My horse Szekit and I recently had our first competition for the National Summer Dressage Qualifiers, and the fact that the date of the competition was Friday the 13th did set off a few alarm bells in my head. Nevertheless putting superstition aside and with entry fees paid, my final preparations began. Being blind these preparations were a little more complex than for most riders. Not only did I have to make sure that Szekit was good to go, but I had to rally a troop of 9 callers whose job it would be to call the letter markers around the dressage arena, as if momentarily seized by a bout of alphabetic Teretz, in order to help me with my accuracy.
Being new in the area I really didn't know that many people, at least not an entire alphabet's worth , so my 9 were made up of an eclectic group of friends, most of whom were non horsey and most of whom were over the age of 65. I affectionately named them 'the Scoobie Gang', on account of the amount of Scoobie snacks they consumed and only hoped that in their short crash course of calling they would be able to unravel the mystery of my test programme on competition day.
Having people surrounding the edge of the arena sporadically screaming letters at us as we passed was also a new experience for Szekit. This was not dressage as he knew it! It was also strange for him to be asked to ride seemingly straight into someone, which during the course of the routine he had to do, as I aimed and fired him across the arena in extended canter at our target which was a slightly terrified Tanya shouting X that quite literally marked the spot. It was like playing chicken and Tanya would hold her ground until the last moment before leaping out of his way. Being such a gentleman, Szekit, not wanting to plough over her, naturally wanted to swerve, a violent wiggle in our choreography that was certainly not in the programme!

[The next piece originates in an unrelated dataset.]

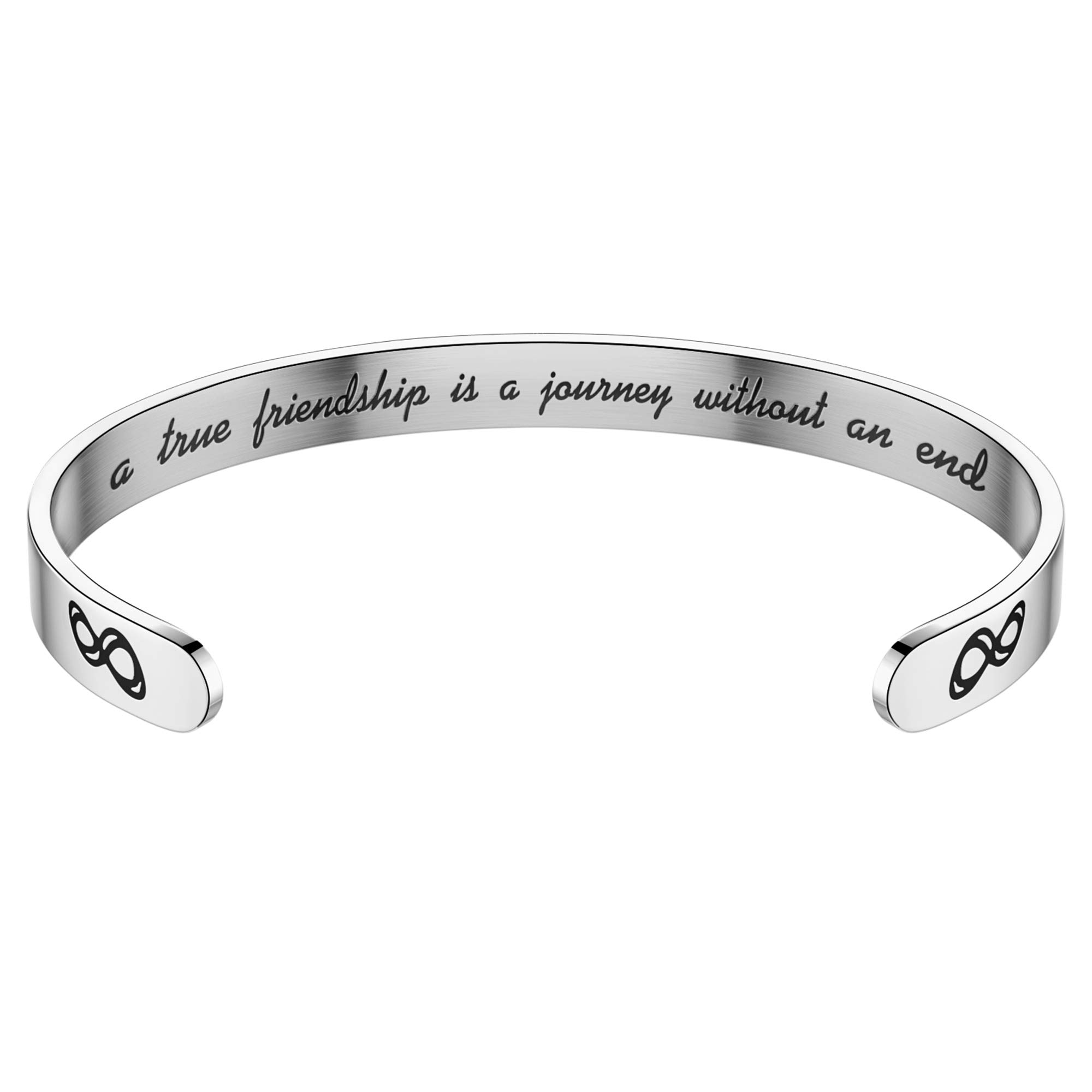 Inspirational Cuff Bracelet for Women - Motivational 'Keep Going' Engraved Stainless Steel Bangle - Perfect for Gifts, Daily Wear & Empowering Moments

I awoke the morning of the competition at 5am to the sound of a howling gale and pouring rain and my first thoughts were 'whatever happened to yesterdays tranquil blue skies?'. Yes, thank you Friday the 13th, it was quite literally the worst conditions I could have imagined for myself, for Szekit and my poor, soon to be soggy, callers. The wind would put Szekit in a spin, and it would also disorientate me completely as hearing where the callers were would be a challenge. Not only would it be hard to hear them but the wind also had the effect of displacing sound which would leave me quite literally pinning the tail on the donkey as opposed to riding dressage on a horse...

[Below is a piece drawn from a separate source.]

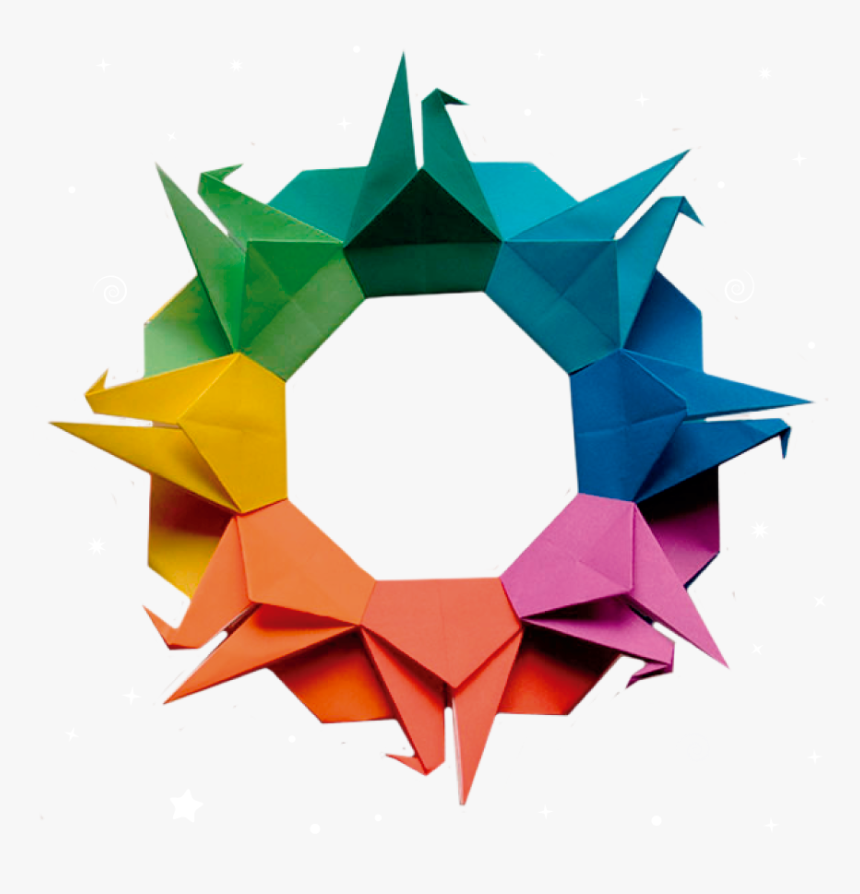 Wj/41, Download To Your Desktop Alejandro Harrison - Crane Wreath Origami, HD Png Download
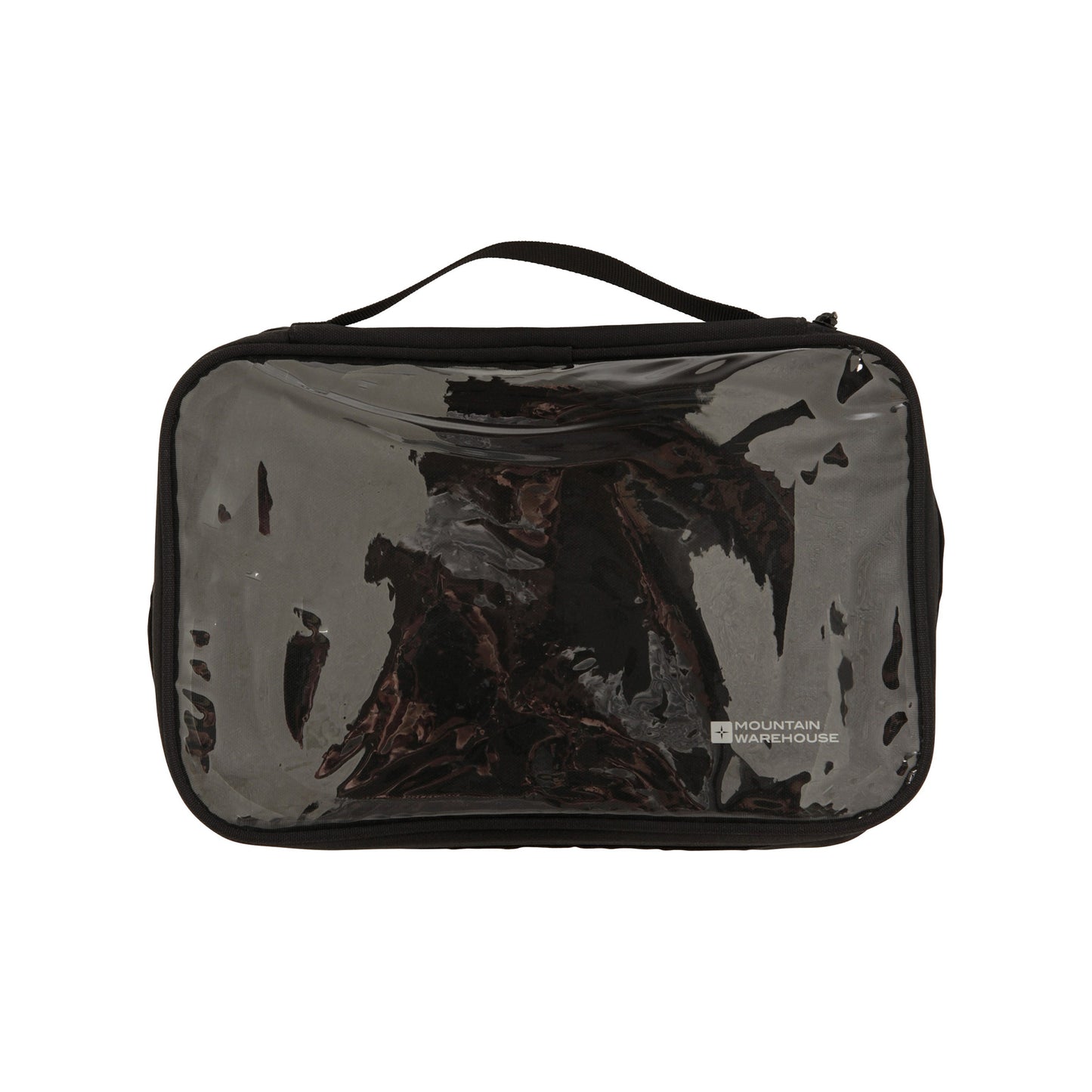 Black - Side - Mountain Warehouse Clear Travel Toiletry Bag Set (Pack of 3)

On arrival at the competition ground things were spiced up even more by the close proximity of the M5 motorway which roared a mere 200 metres from the competition arena, leaving my callers not only drowned by the pouring rain but drowned out by the traffic noise! Prior to show time, we decided to have a team chat to make sure everyone was clear about what they needed to do, during which it didn't occur to me to explain to the non horsey members of our troop that the competition started when the bell rang... The bell did ring but sadly half my callers at the far end of the arena, on the motorway side, didn't hear it and actually wouldn't have known what it signalled if they had, my having forgotten to explain to them...
I did hear the bell ring and began the test to silence aside from the roaring juggernauts and force 9 whistling in my ears. Nobody called a letter as they were all still examining their soggy test papers thinking I was still warming up. I spent the first few moments shouting call! speak up, I can't hear you! Tanya , centre stage at X, seeing our impending doom valiantly tried, like a mad conductor, arms waving and test paper flapping, to rally her silent orchestra. Being Swedish, Szekit took the wind and the rain in his graceful stride but being a horse, he was completely put off by the suspicious pot plant between B and M that gave him the collywobbles.
When everyone finally found their voice the arena turned into what sounded like an episode of Sesame Street with letters being spasmodically shouted from various corners by various characters. It was an absolute hoot. All the horses and riders in the warm up arena apparently stopped to watch, their heads peering over the fence like a long line of beautifully groomed sheep, and when we finally came to the end of the test and saluted in front of the judges we recieved a big round of applause and a standing ovation from the lady in the bacon butty van!
Aside from myself, Szekit and my callers being blown away by the gale we were totally blown away by the result. We came second!